Résultat, « au terme d’une période de convergence s’étalant jusqu’en 2040, l’application des taux de cotisation du système universel de retraites (et de la réforme de l’assiette sociale) se traduirait par une hausse des cotisations pour les avocats dont les revenus se situent entre 50 % et 190 % du PASS [plafond annuel de la sécurité sociale, ndlr], soit un peu moins de la moitié de la profession. Au maximum, la hausse de cotisation serait égale à 30 % des cotisations d’assurance-vieillesse calculées selon le barème 2040 de la CNBF et concernerait les avocats dont le revenu est égal au PASS ». Le gouvernement table sur la réforme de l’assiette sociale pour démontrer que l’avocat, selon les cas, paiera au final moins que ce qu’il devrait acquitter sans réforme.

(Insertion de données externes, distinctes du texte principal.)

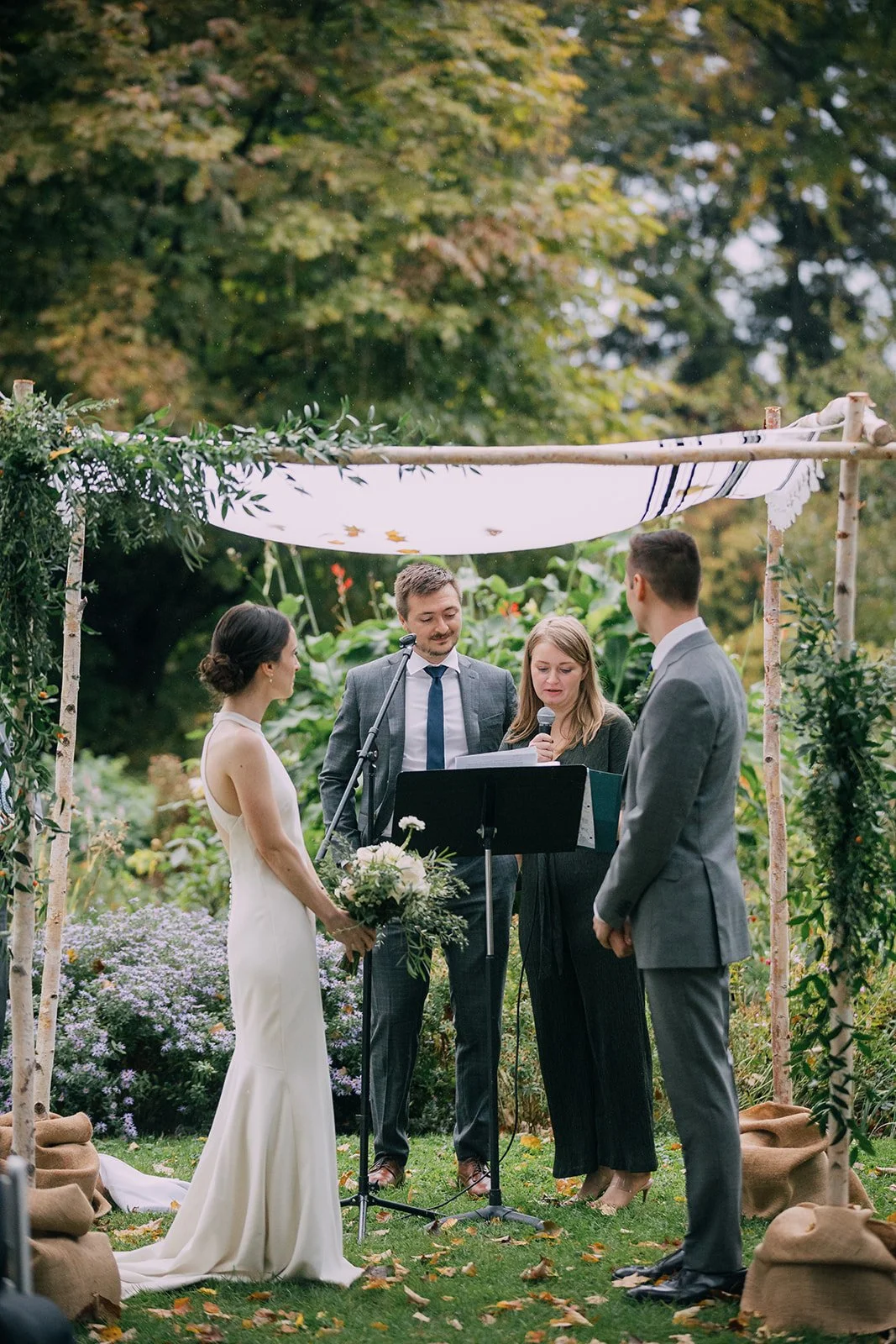 A bride and groom stand in front of a arbor on their wedding day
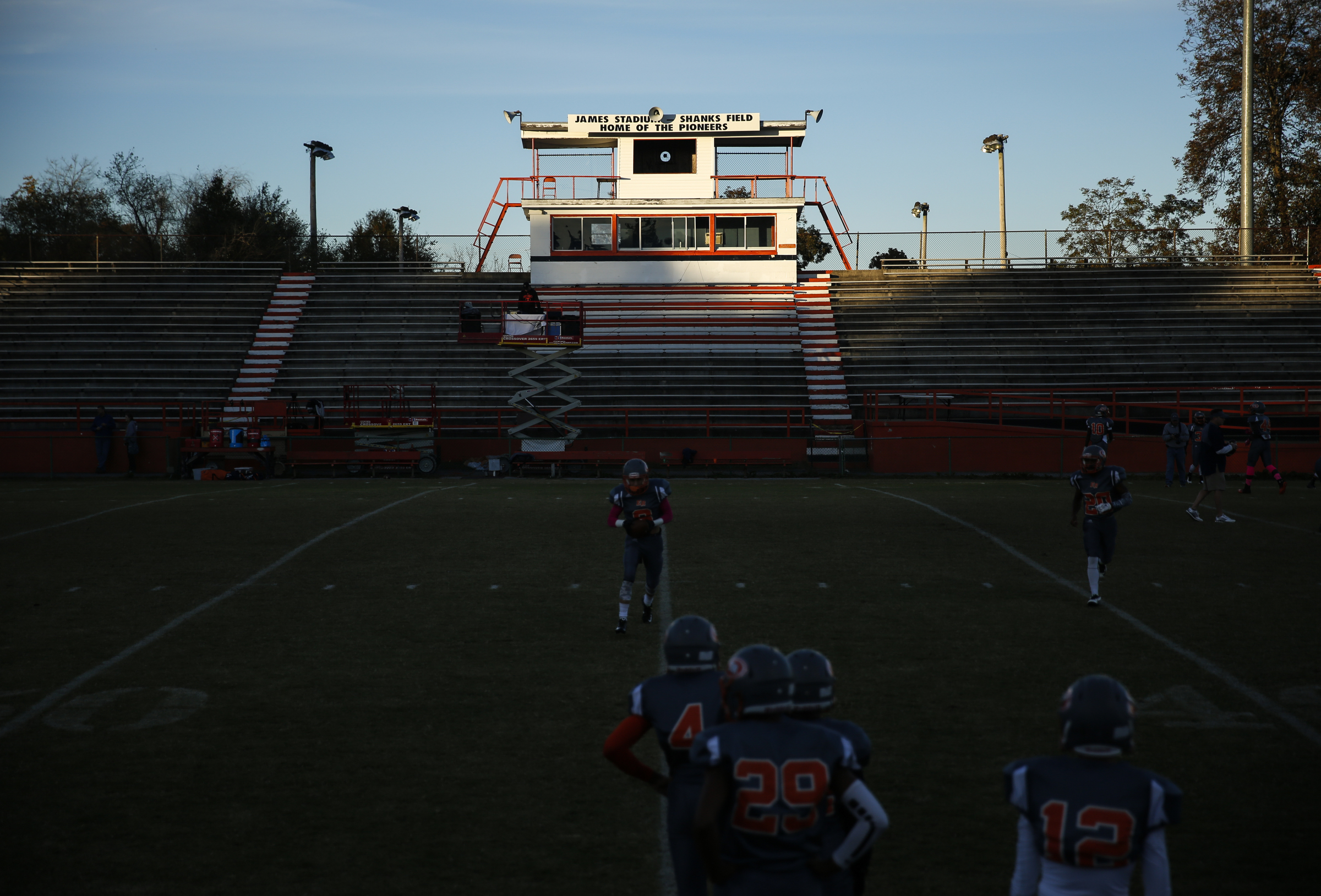 The condemned Raymond James Stadium of East Ridge High School looms behind as players warm up for their prep football game against CCS at East Ridge High School on Friday, Oct. 30, 2015, in East Ridge, Tenn.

Parmi les simulations présentées dans le document, certaines ont fait sourire les avocats. Ainsi peut-on y lire : « pour chaque carrière, le revenu est supposé augmenter chaque année comme le salaire moyen par tête, c’est-à-dire de 3,05 % ». Un avocat s’esclaffe : « Là, je me dis que j’ai dû rater quelque chose dans ce métier ». Autre exemple : « En bas de la page 454, explique un membre du CNB, il est indiqué que la hausse des cotisations affectera les revenus situés en dessous de 190 % du PASS (c’est-à-dire 78 000[ESPACE€]), soit “un peu moins de la moitié de la profession”. Or le revenu médian de la profession est de 43 000 €, c’est-à-dire que 50 % des avocats gagnent moins. Il est donc inexact de dire qu’une mesure qui affecte les revenus inférieurs à 78 000 € ne concerne que la moitié de la profession ! Manifestement, la Chancellerie confond le revenu médian (43 000 €) avec le revenu moyen (77 000 €)... »
Le Conseil national des barreaux a voté, samedi 25 janvier, à l’unanimité, la poursuite du mouvement et a appelé tous les avocats à se joindre à la manifestation nationale prévue lundi 3 février, jour de l’ouverture de l’examen des deux projets de loi par l’Assemblée nationale. Les instances de la profession seront reçues une deuxième fois par Matignon le 2 février.